[[ SOURCE DATA open ]]

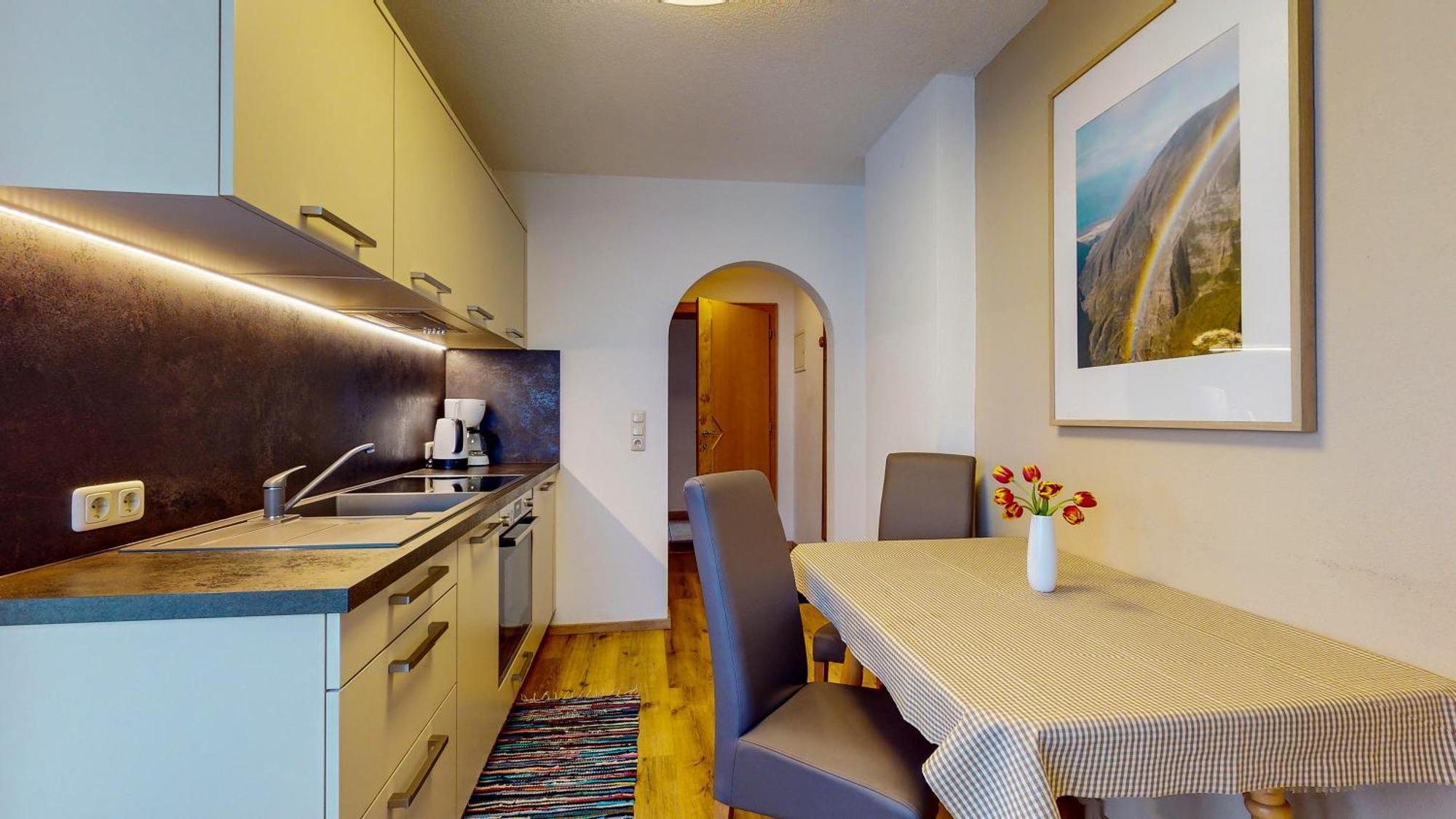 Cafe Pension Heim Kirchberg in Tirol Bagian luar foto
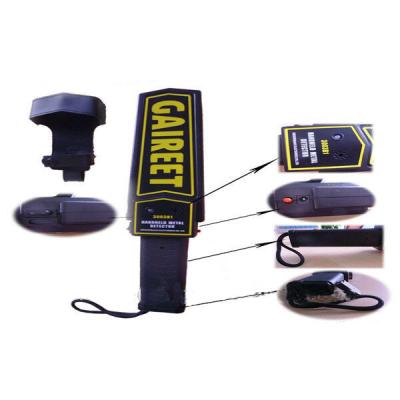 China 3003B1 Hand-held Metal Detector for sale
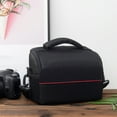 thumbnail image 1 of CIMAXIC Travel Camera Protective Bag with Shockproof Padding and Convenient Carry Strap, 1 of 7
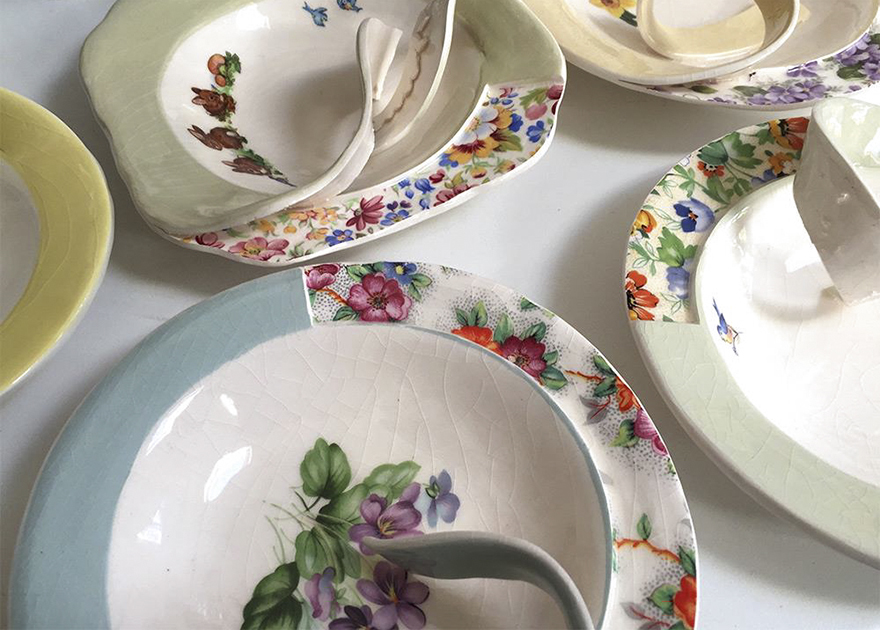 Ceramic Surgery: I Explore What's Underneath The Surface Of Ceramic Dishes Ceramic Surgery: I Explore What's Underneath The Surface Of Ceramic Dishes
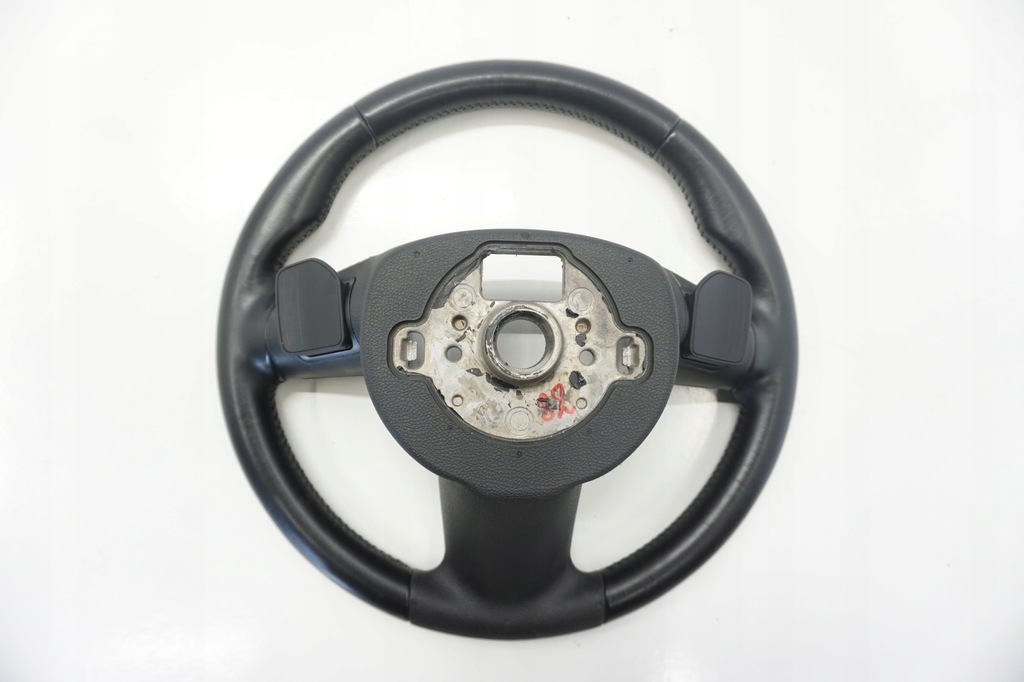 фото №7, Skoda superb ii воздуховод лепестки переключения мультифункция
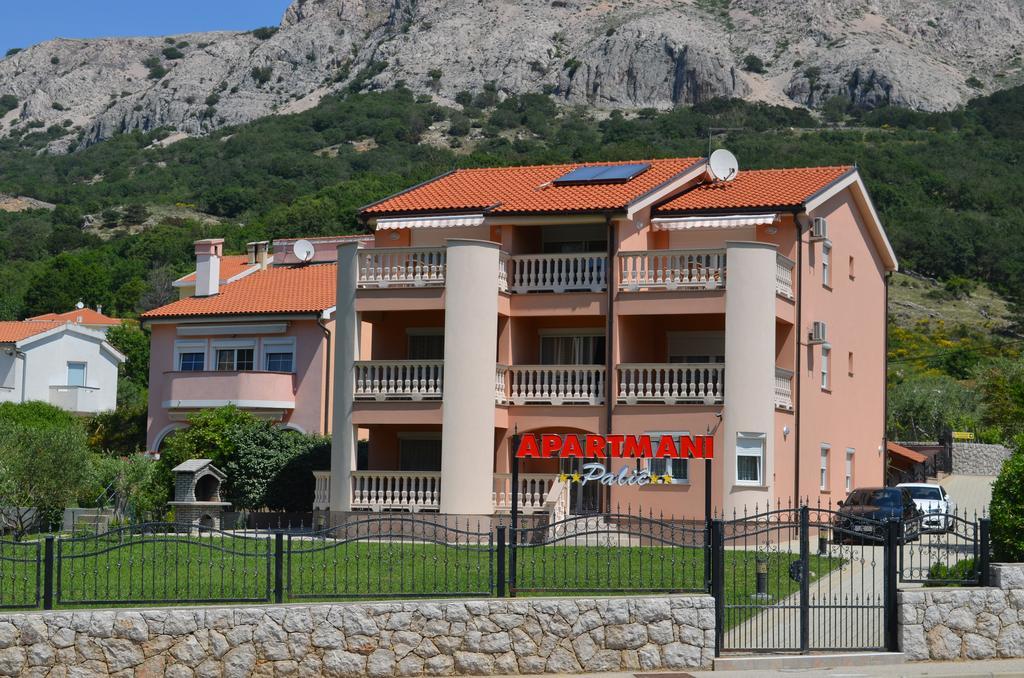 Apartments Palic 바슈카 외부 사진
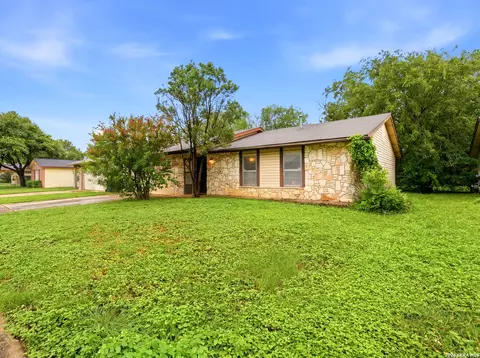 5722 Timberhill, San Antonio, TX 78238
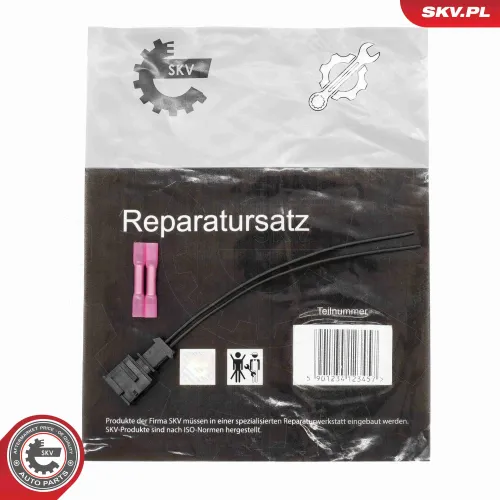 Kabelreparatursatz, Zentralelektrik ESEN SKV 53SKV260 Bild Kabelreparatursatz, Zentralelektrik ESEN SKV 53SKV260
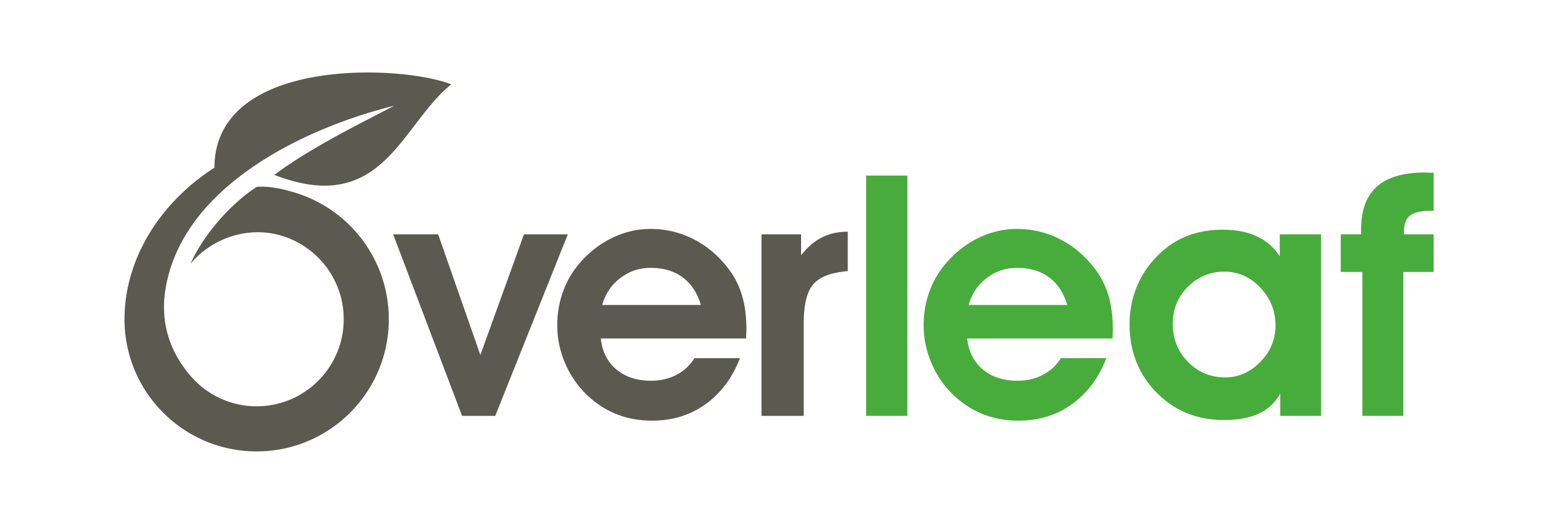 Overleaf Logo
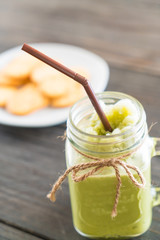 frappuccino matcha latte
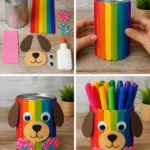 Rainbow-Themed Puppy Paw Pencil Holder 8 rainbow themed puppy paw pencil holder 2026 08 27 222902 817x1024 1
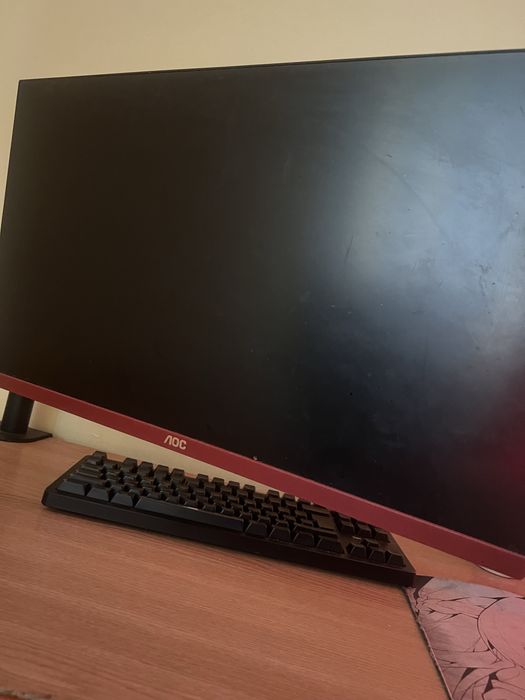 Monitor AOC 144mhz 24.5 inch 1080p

[[ SOURCE DATA closed ]]

:: DESCRIPTION OF THE TASK ::
Write out the data above in full and exactly, but not the pictures.

:: EXERCISE ANSWER ::
 Cafe Pension Heim Kirchberg in Tirol Bagian luar foto
 China 3003B1 Hand-held Metal Detector for sale
 thumbnail image 1 of CIMAXIC Travel Camera Protective Bag with Shockproof Padding and Convenient Carry Strap, 1 of 7
 Ceramic Surgery: I Explore What's Underneath The Surface Of Ceramic Dishes Ceramic Surgery: I Explore What's Underneath The Surface Of Ceramic Dishes
 фото №7, Skoda superb ii воздуховод лепестки переключения мультифункция
 Apartments Palic 바슈카 외부 사진
 5722 Timberhill, San Antonio, TX 78238
 Kabelreparatursatz, Zentralelektrik ESEN SKV 53SKV260 Bild Kabelreparatursatz, Zentralelektrik ESEN SKV 53SKV260
 Overleaf Logo
 frappuccino matcha latte
 Rainbow-Themed Puppy Paw Pencil Holder 8 rainbow themed puppy paw pencil holder 2026 08 27 222902 817x1024 1
 Monitor AOC 144mhz 24.5 inch 1080p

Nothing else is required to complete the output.